Exercise instructions: Copy, pictures aside: the lines below from the one that holds "Nowoczesny chodnik sznurkowy" through the final line of the listing, both ends included, exactly as they are and nothing else.

Provided data:
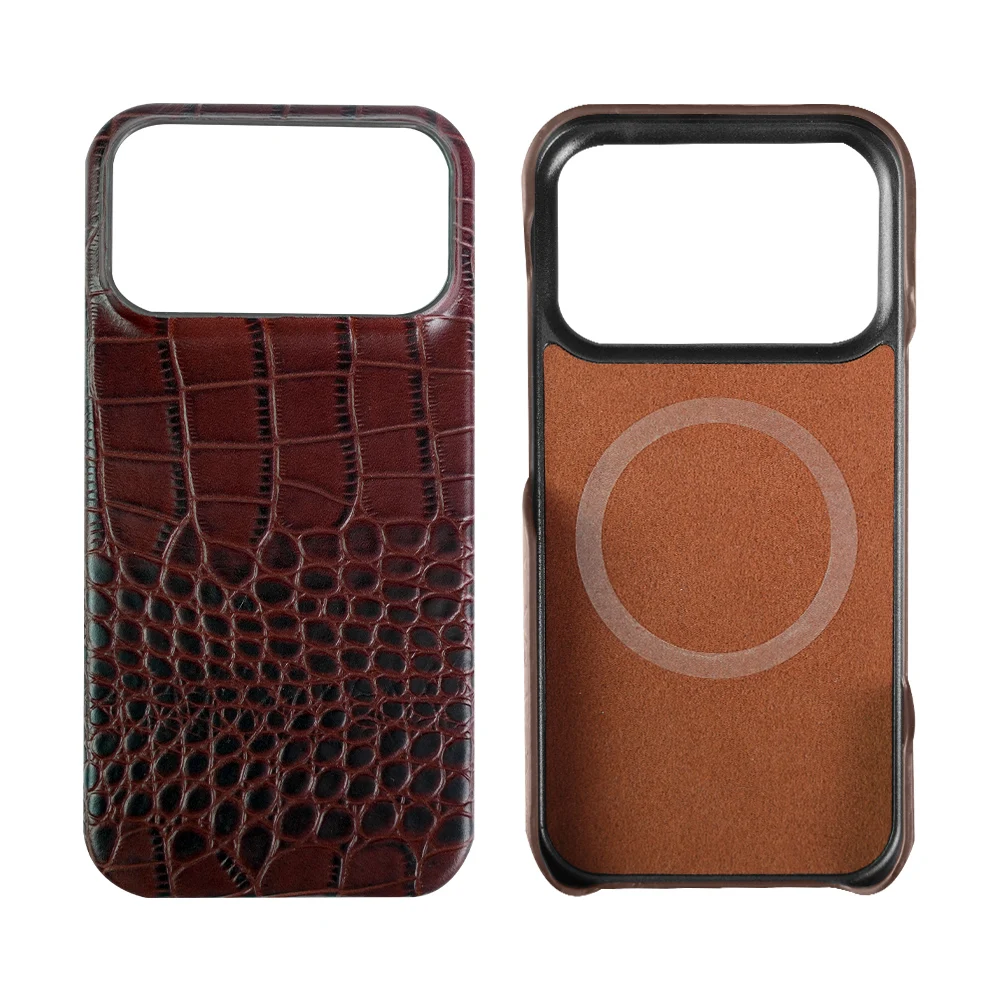Natural Cowhide Leather for Magsafe Case for iPhone 18 17 15 16 Pro Max Air 18Pro 17Pro Magnetic Protector Luxury Phone Cover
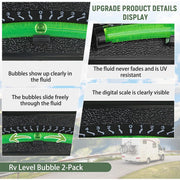 A promotional collage for an RV level bubble fluid pack, showing close-up product detail panels with a bright green level tube, black textured container, printed bubble scale, and text claims like 'Upgrade product details display' and 'Rv Level Bubble 2-Pack.' A small outdoor RV scene appears at the bottom right as contextual use imagery.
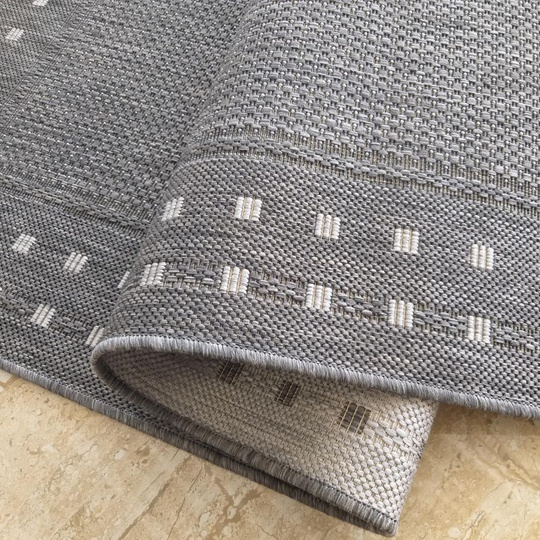 Nowoczesny chodnik sznurkowy OUTDOOR PATIO 11 - szary - szerokość od 60 cm do 120 cm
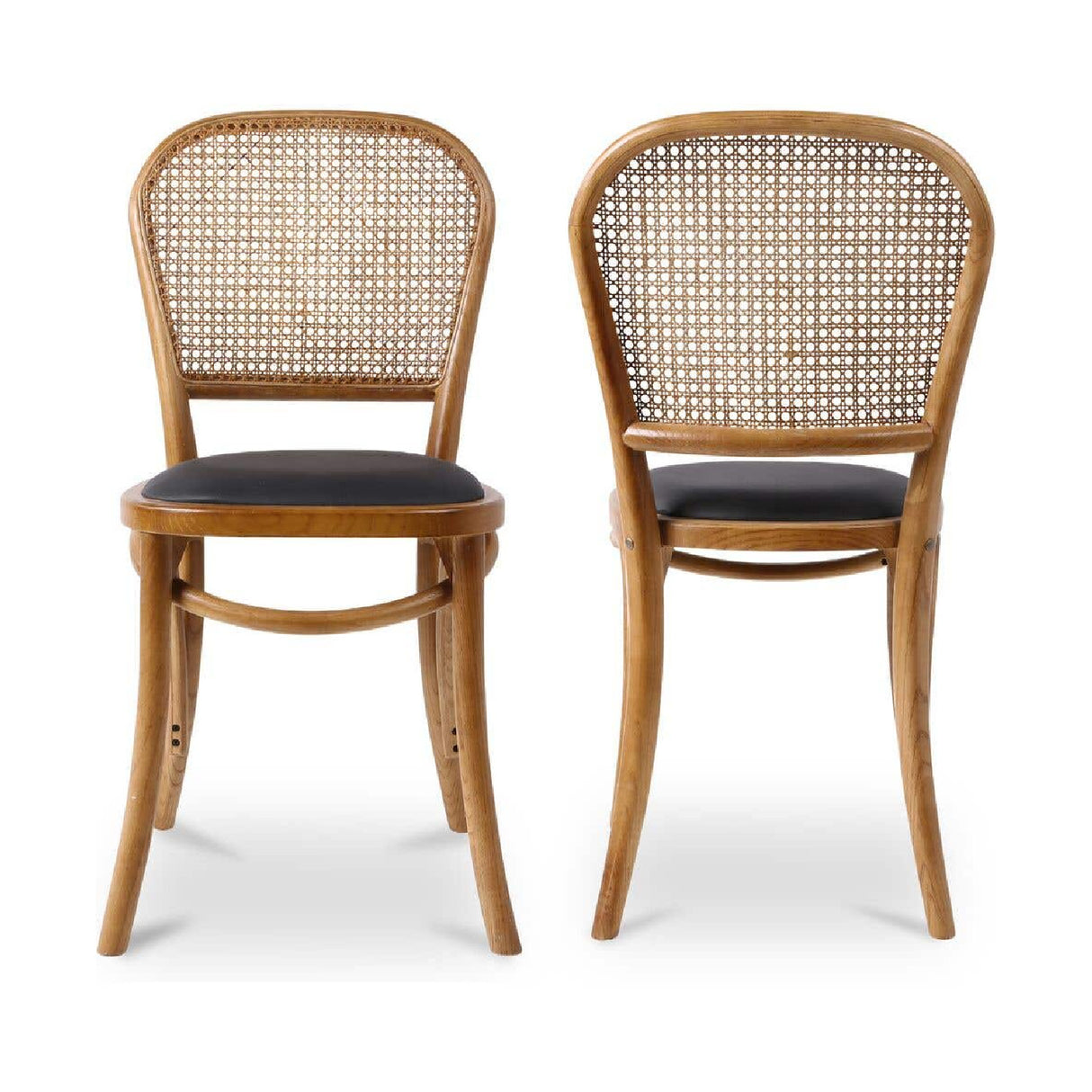 Modern European furniture - Elm-Framed Rattan Dining Chairs (2) - www.oroa.com | Oroa.com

Response to this exercise:
 Nowoczesny chodnik sznurkowy OUTDOOR PATIO 11 - szary - szerokość od 60 cm do 120 cm
 Modern European furniture - Elm-Framed Rattan Dining Chairs (2) - www.oroa.com | Oroa.com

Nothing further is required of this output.